> [Problem requirements] The output should be the listing below, limited to the lines from the one with "Relay Songle SRD12VDC-SL-A" through the one with "Failed Minecraft Skins", exact and without pictures.

> [Material for this exercise]
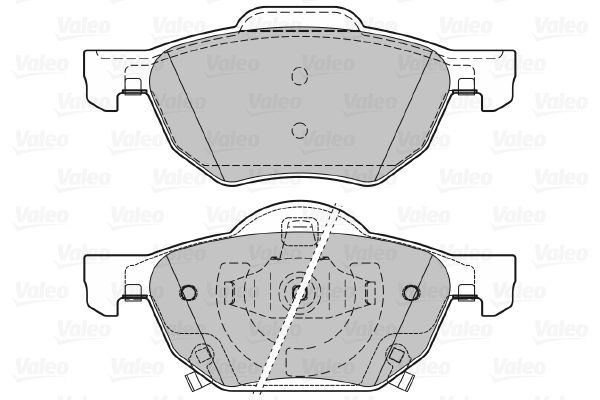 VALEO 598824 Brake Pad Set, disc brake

==

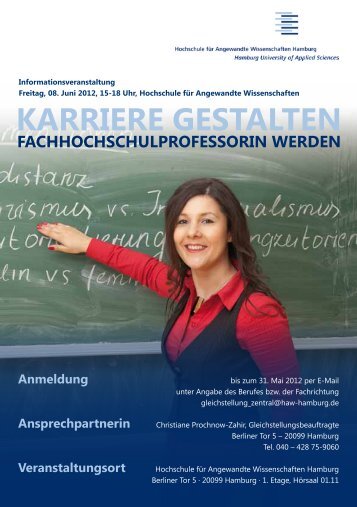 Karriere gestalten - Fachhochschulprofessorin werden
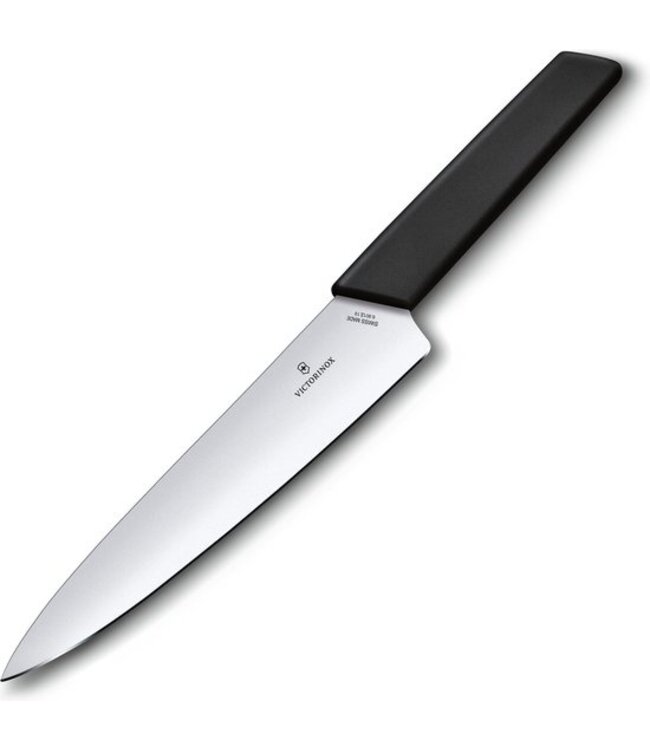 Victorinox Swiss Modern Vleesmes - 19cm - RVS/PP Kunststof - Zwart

...

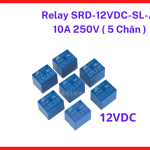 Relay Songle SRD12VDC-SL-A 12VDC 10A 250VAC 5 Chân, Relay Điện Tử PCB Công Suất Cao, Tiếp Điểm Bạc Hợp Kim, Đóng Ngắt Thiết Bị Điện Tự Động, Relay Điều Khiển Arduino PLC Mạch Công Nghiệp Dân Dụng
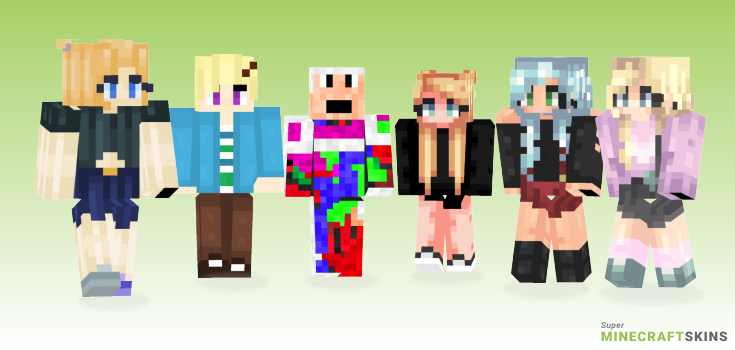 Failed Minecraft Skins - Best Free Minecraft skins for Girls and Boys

> [Task solution]
 Relay Songle SRD12VDC-SL-A 12VDC 10A 250VAC 5 Chân, Relay Điện Tử PCB Công Suất Cao, Tiếp Điểm Bạc Hợp Kim, Đóng Ngắt Thiết Bị Điện Tự Động, Relay Điều Khiển Arduino PLC Mạch Công Nghiệp Dân Dụng
 Failed Minecraft Skins - Best Free Minecraft skins for Girls and Boys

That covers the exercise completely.